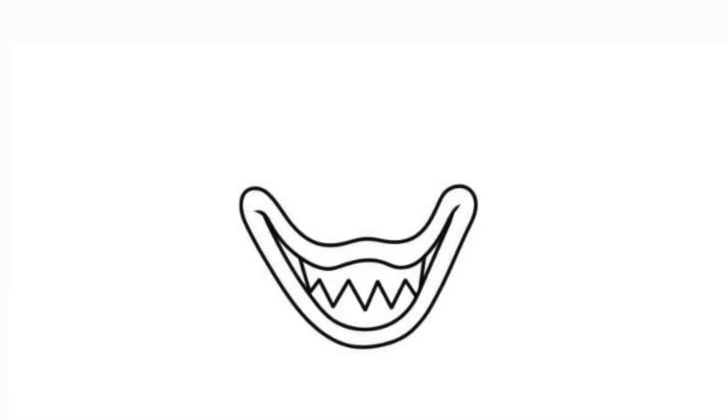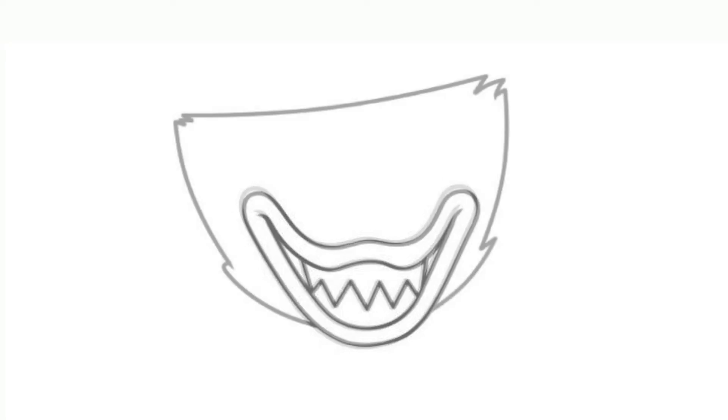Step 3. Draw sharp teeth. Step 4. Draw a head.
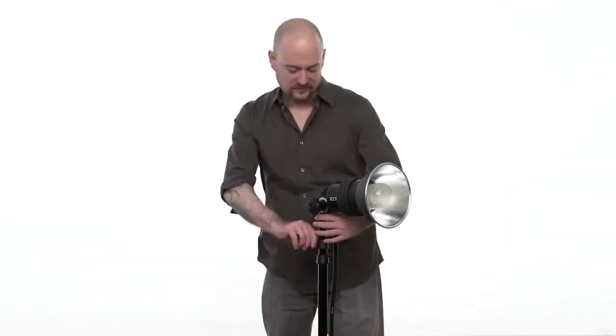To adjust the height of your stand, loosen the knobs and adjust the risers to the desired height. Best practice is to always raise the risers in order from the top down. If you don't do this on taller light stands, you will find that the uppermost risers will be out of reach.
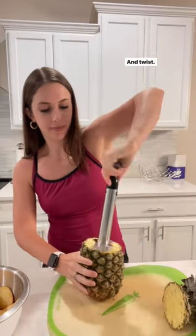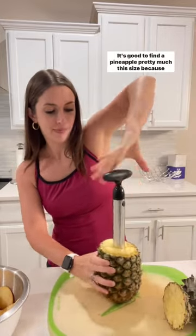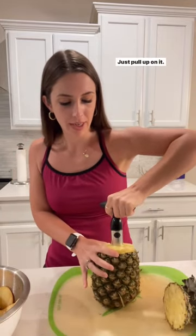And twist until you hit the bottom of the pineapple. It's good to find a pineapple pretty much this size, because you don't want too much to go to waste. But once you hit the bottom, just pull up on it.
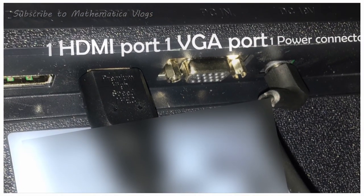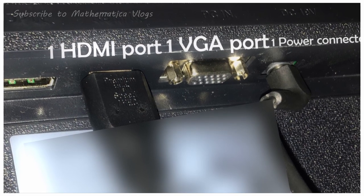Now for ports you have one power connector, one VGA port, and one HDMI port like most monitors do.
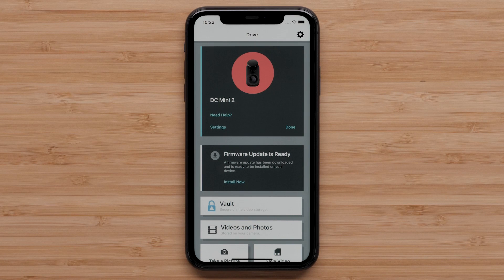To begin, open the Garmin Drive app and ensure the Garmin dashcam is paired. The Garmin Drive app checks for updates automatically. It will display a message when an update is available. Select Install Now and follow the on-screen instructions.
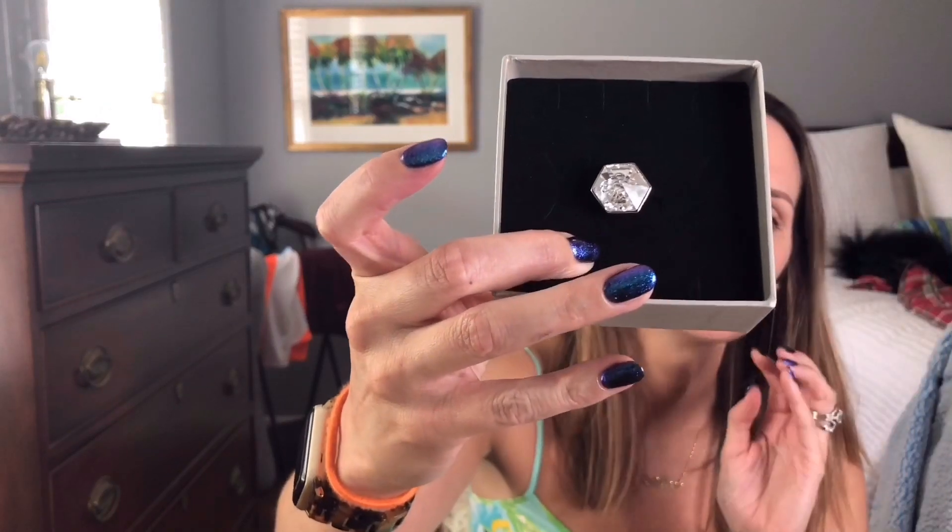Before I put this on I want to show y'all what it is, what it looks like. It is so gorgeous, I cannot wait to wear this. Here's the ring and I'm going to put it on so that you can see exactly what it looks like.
++++++++
**PROBLEM DETAILS:**
Restate word for word the lines running from the one with "To begin, open" to the end of the entries; pictures are to be left out.

**ANSWER TO THIS PROBLEM:**
To begin, open the Garmin Drive app and ensure the Garmin dashcam is paired. The Garmin Drive app checks for updates automatically. It will display a message when an update is available. Select Install Now and follow the on-screen instructions.
Before I put this on I want to show y'all what it is, what it looks like. It is so gorgeous, I cannot wait to wear this. Here's the ring and I'm going to put it on so that you can see exactly what it looks like.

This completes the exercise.